Interestingly enough, Burgundian law codes from this time do include penalties and punishments relating to vineyards, specifically for theft and trespassing so there’s no doubt that the Burgundians, like all barbarians who settled in the ruins of the Roman Empire, were enthusiastic promoters of viticulture.

For a while stability returned but the Franks in the north were growing in power and conflict between them and the Burgundians was not far off.

In 493AD king Chilperic II of Burgundy was assassinated by his brother and co-ruler Gundobad (the Germanic rulers followed a pattern of splitting their kingdoms among their sons which usually led to intrigue, murder and civil war until one came out on top). One of Chilperic’s daughters was sent to a convent but the other, Clotilda, escaped to her uncle, Godegisel, another co-ruler in Geneva.

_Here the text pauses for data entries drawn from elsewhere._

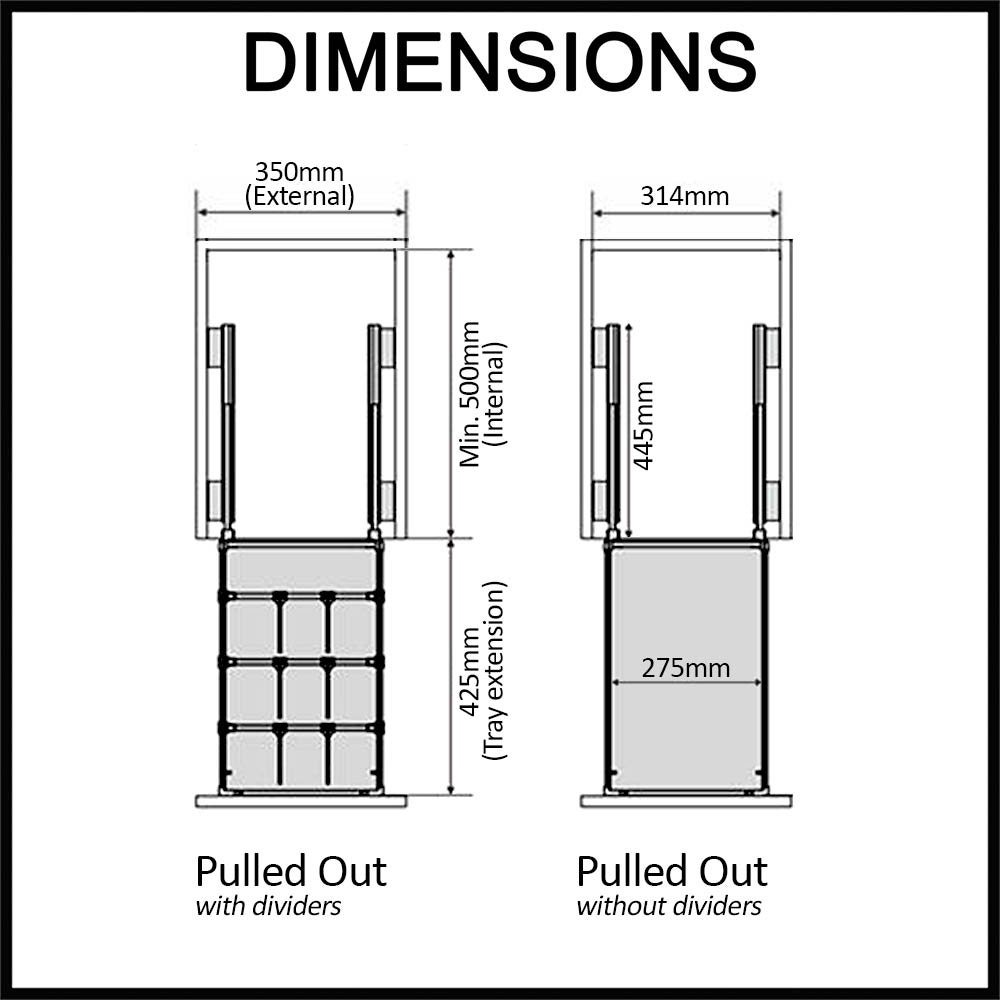 pull out cupboard organiser suits 350mm cabinet dark grey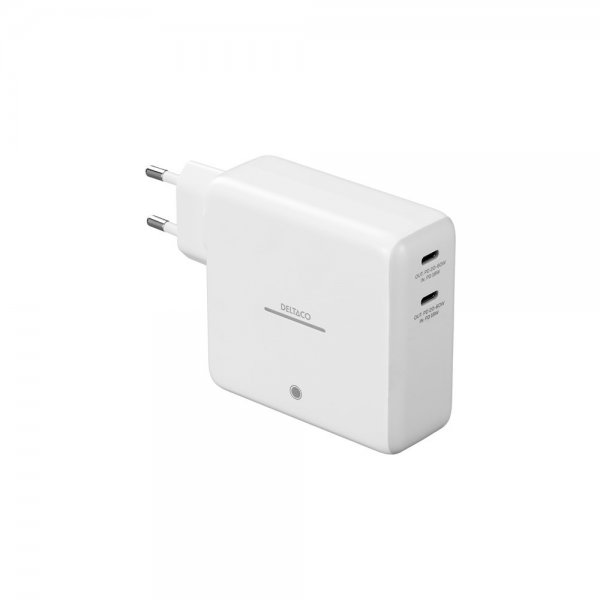 Deltaco Väggladdare med inbyggd Powerbank USB-C GaN 60W 9600 mAh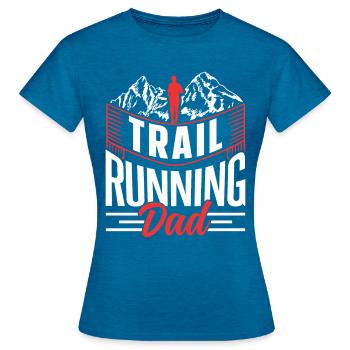 Trail Running Papa Runner Trail Running Race - T-shirt Femme - bleu saphir antique chiné - Devant - AI Model Female 172 dark (172cm)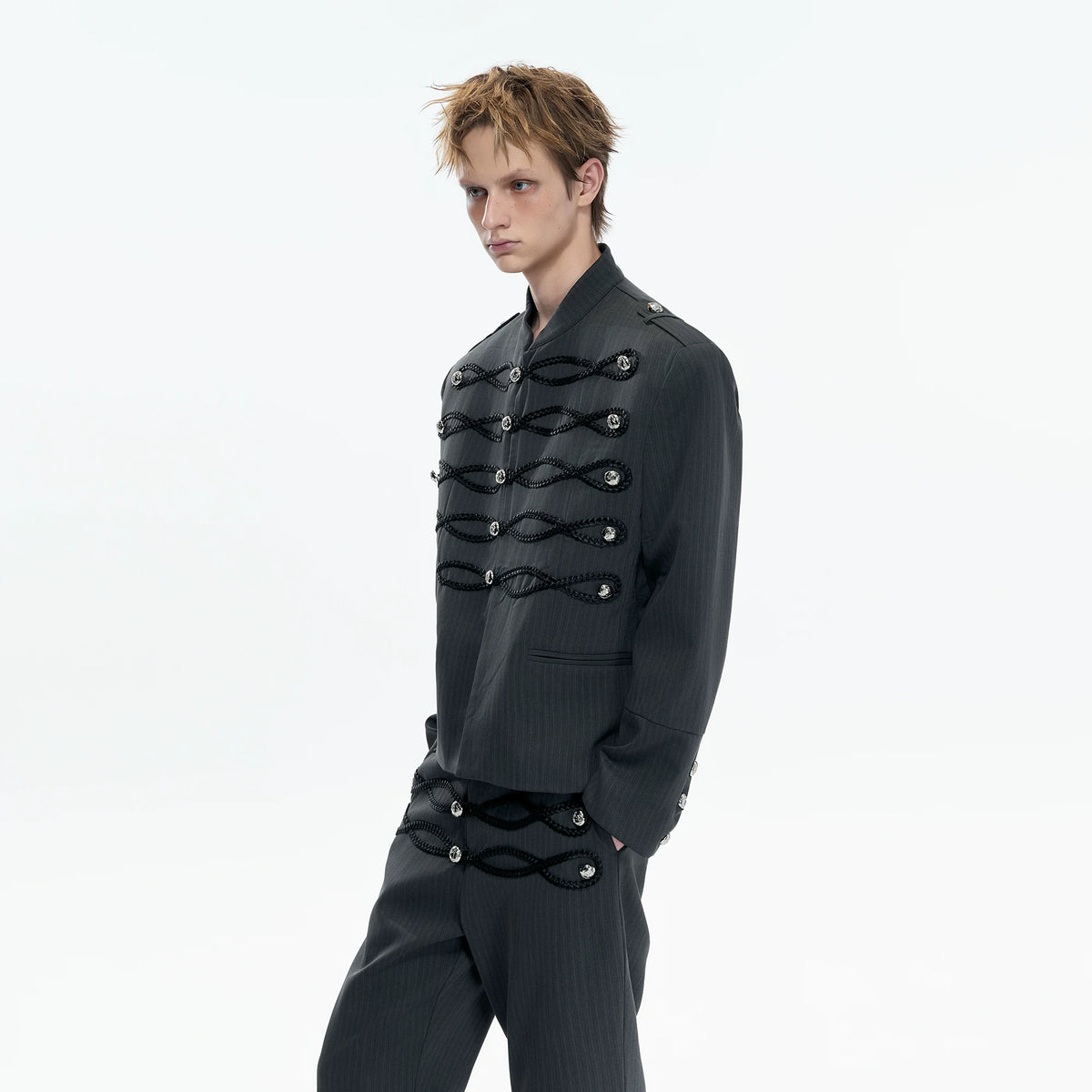 Napoleon Faux Leather Stripe Jacket | Gothic Streetwear - main image 3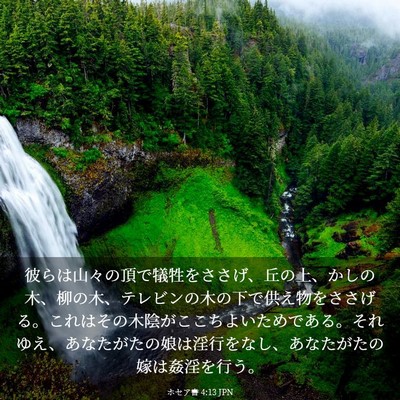 Picture 03 - ホセア書 4:13 JPN - 彼らは山々の頂で犠牲をささげ、丘 - Bible Verse Picture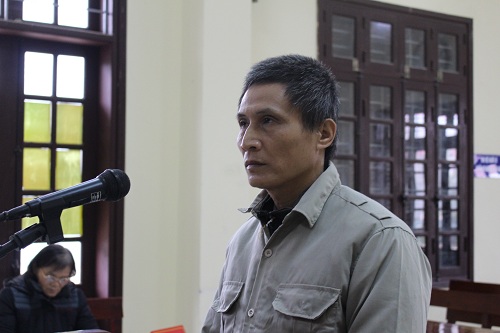 Bị cáo Lưu Văn Trọng tại phiên tòa sơ thẩm. Ảnh: Hồng Vân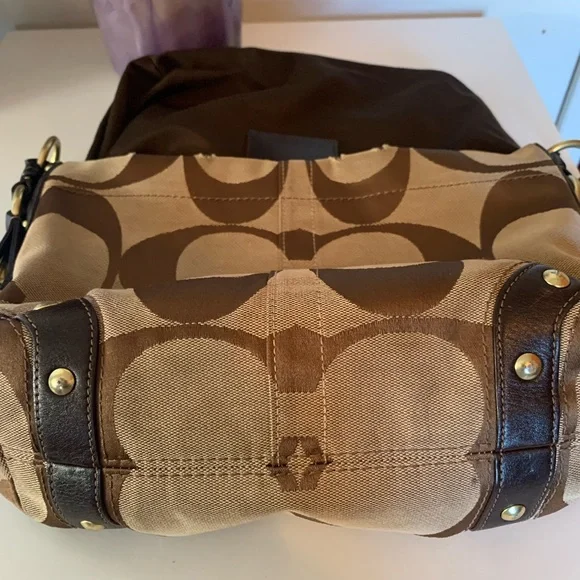 Coach Brown Shoulder Bag with Monogram Pattern - Picture 10 of 15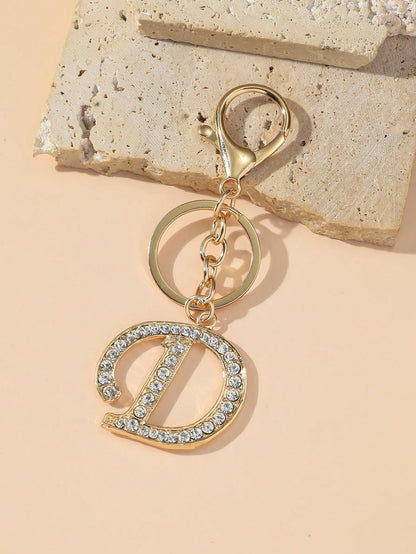 1pc/Multi-Piece Unisex Gold-Tone Rhinestone Electroplated Elegant Daily Matching Glamorous English Letter Keychain Pendant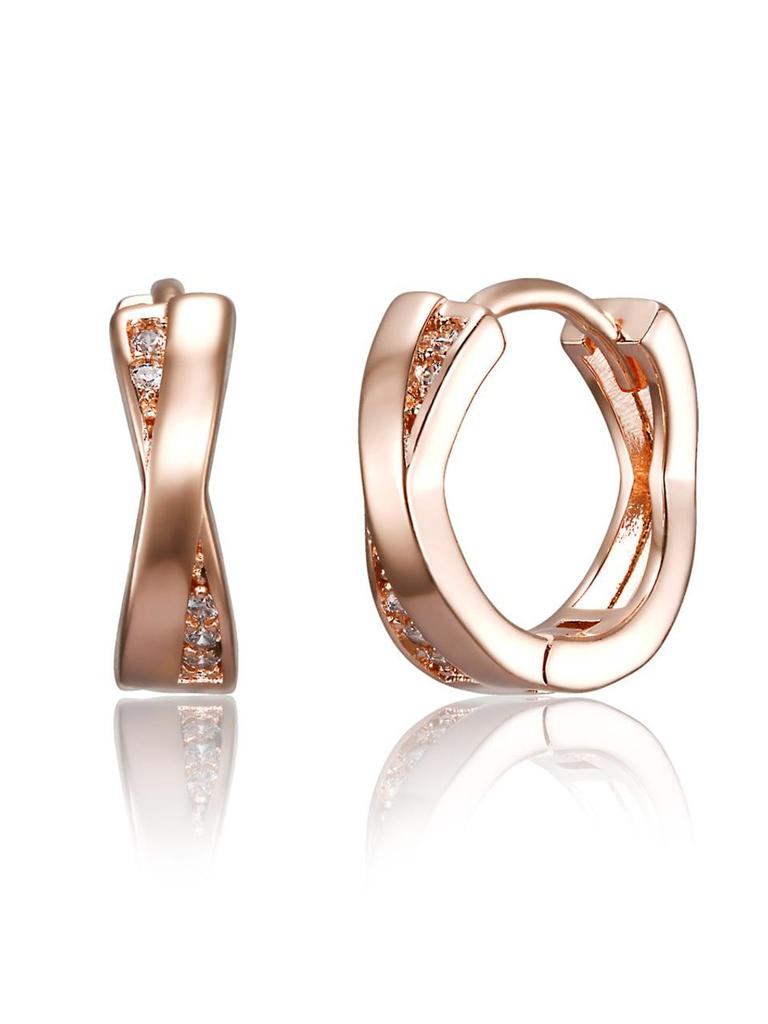 14K GF Cross Ribbon One-Touch Ring Earrings C24EGF198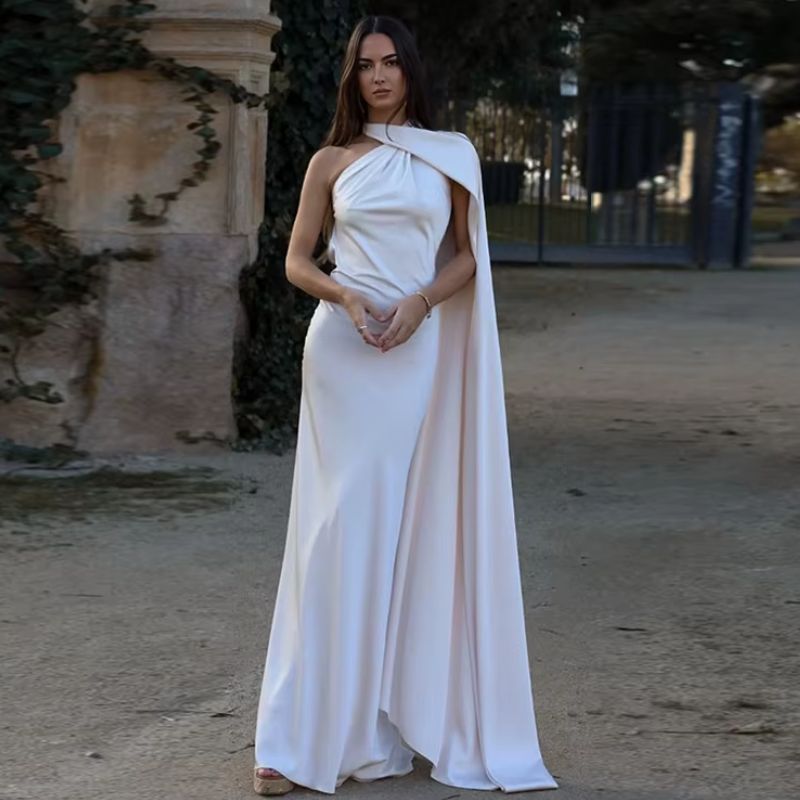Vestido Longo de Festa Halter Enrolado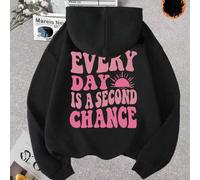 Shein Sudadera acolchada con capucha | Dale energía a "CADA DÍA ES UNA SEGUNDA OPORTUNIDAD". Palabra rosa con estampado de atardecer, ¡como si llevaras la c
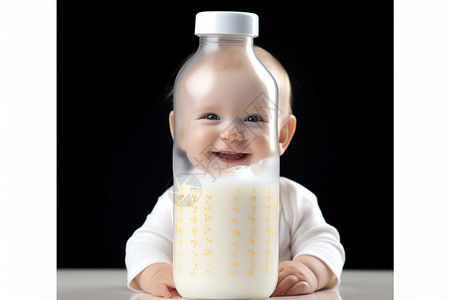 装着牛奶的奶瓶婴儿抱着大大的奶瓶背景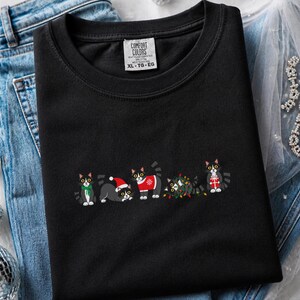 ホリデーキャットシャツ、タキシード猫好きへのギフト、クリスマスキティTシャツ、おもしろいお祝い猫スウェットシャツ、白黒猫オーナーシャツ 画像 9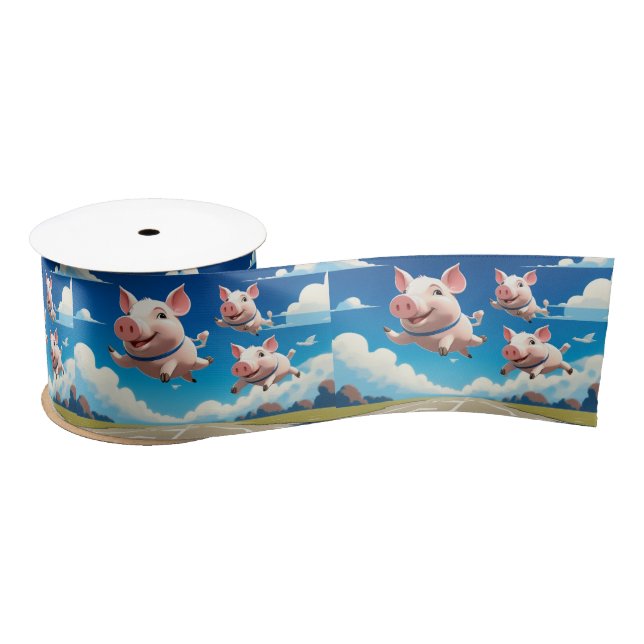 Ruban En Satin When Pigs Fly Funny Winged Pigs (Bobine)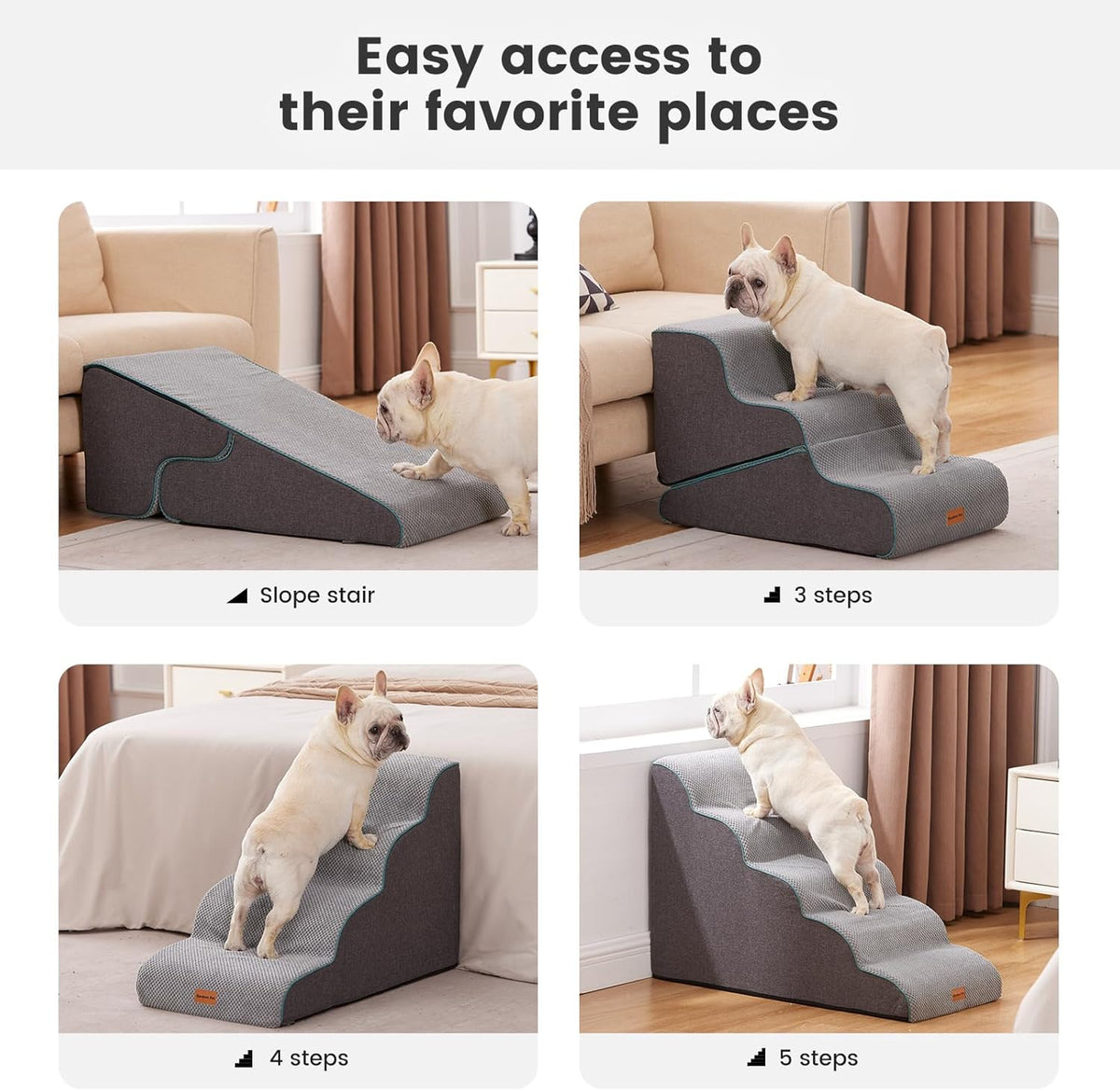 Gardner Pet Dog Stairs for Small Dogs 16.5" H, 2 in 1 Transformable 3-Step Pet Stairs and ramp, Dog Steps for Couch (13-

She was then courted by and married to Clovis, king of the Franks, and it is she who is said to have converted him to Christianity – which he undertook at Reims, where French kings would continue to be crowned for over 1,000 years afterwards.

In 507AD the Franks defeated the Visigoths at Vouillé and conquered Aquitaine, driving the Visigoths into their Spanish domains, where they ruled until the Islamic invasions of the 7th and 8th centuries.

With that powerful enemy defeated in the west, the Merovingian Franks soon turned their attentions on the Burgundian kingdom and Clotilda – very much in the vein of the vengeful Kriemhild – encouraged her sons to war against the new Burgundian king, her cousin Sigismund.

Sporadic campaigning in the 520s produced no decisive result (though Sigismund was assassinated by another rival) but in 532AD, a more determined campaign by Clotilda’s sons Childebert I and Clothar I led to the battle of Autun where the last Burgundian king, Godomar, was killed and his lands conquered in a second Götterdammerung – the one Wagner didn’t put to music.

The first kingdom of Burgundy was subsumed within the Frankish fold but while this marks the end of barbarian, Germanic Burgundy, it is only the beginning of Burgundy’s story.